» **EXERCISE MATERIALS**
★ ★ ★ ★ ★ ★ ★
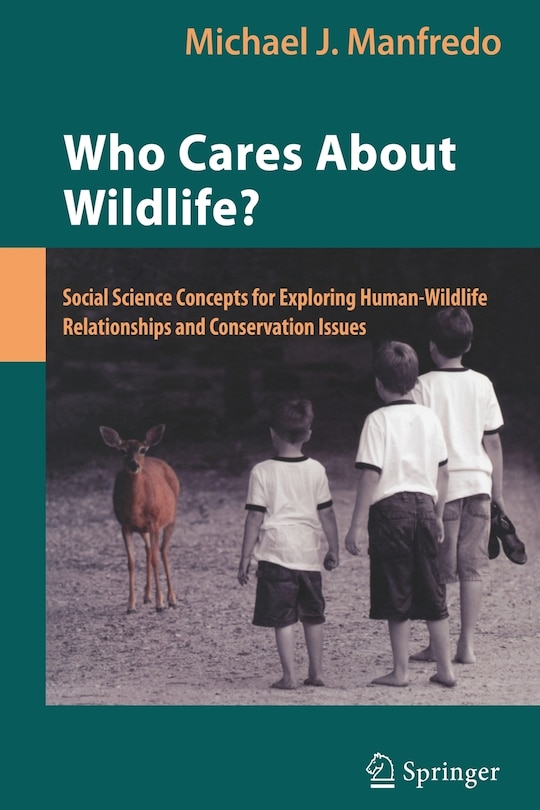 Couverture_Who Cares About Wildlife?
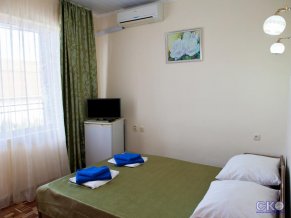 Виамонд отель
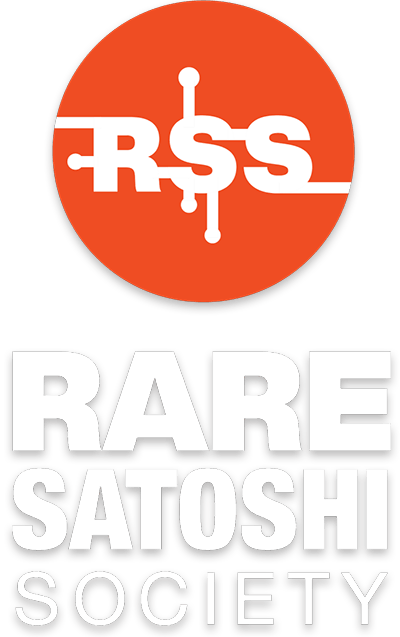 Rare Satoshi Society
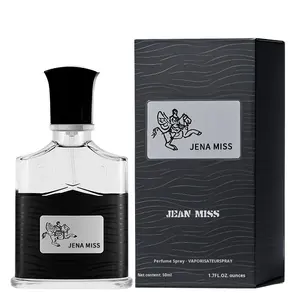 น้ำหอมโคโลญจน์ Absolu <span class=keywords><strong>Aventus</strong></span> 100 มล. สีเงินเขียวไอริช สเปรย์น้ำหอมสำหรับผู้ชาย ขายส่งราคาพิเศษ - Product Image 5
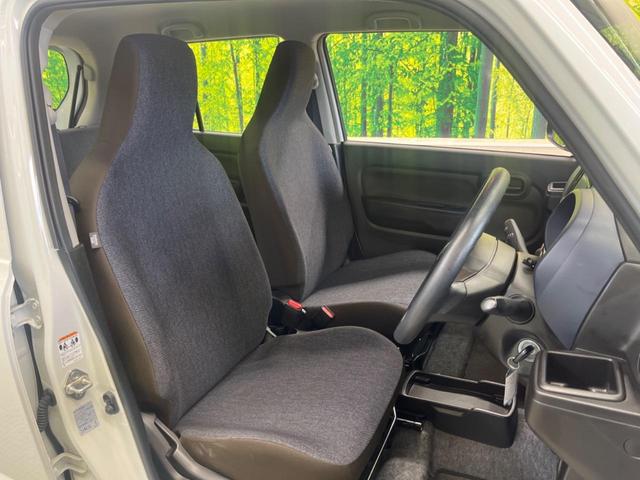 アルト A セーフティサポート 禁煙車 純正ナビフルセグ ドライブレコーダー リアパーキングセンサ オートライト ハイビームアシスト キーレス Bluetooth DVD再生(9枚目)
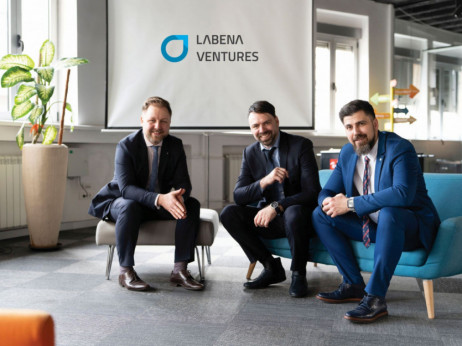 Za Labena Ventures akcelerator prijavilo se devet startupa iz BiH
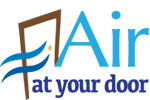  Air At Your Door Inc logo
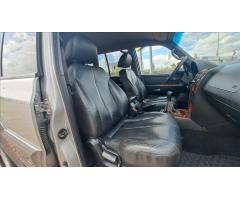 Hyundai Terracan 2,9   CRDi 4x4 1MAJ*Tažné 2.8T - 22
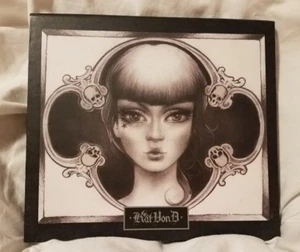 Kat Von D Spellbinding Eyeshadow Palette - lesen - Bild 1 von 10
★ ★ ★ ★ ★ ★ ★
» **WHAT THE EXERCISE ASKS**
Set down exactly the lines between the line containing "Виамонд отель" and the end of the records above, both ends included; pictures stay out.

» **RESULT FOR THIS TASK**
 Виамонд отель
 Rare Satoshi Society
 น้ำหอมโคโลญจน์ Absolu <span class=keywords><strong>Aventus</strong></span> 100 มล. สีเงินเขียวไอริช สเปรย์น้ำหอมสำหรับผู้ชาย ขายส่งราคาพิเศษ - Product Image 5
 アルト A セーフティサポート 禁煙車 純正ナビフルセグ ドライブレコーダー リアパーキングセンサ オートライト ハイビームアシスト キーレス Bluetooth DVD再生(9枚目)
 Za Labena Ventures akcelerator prijavilo se devet startupa iz BiH
  Air At Your Door Inc logo
 Hyundai Terracan 2,9   CRDi 4x4 1MAJ*Tažné 2.8T - 22
 Kat Von D Spellbinding Eyeshadow Palette - lesen - Bild 1 von 10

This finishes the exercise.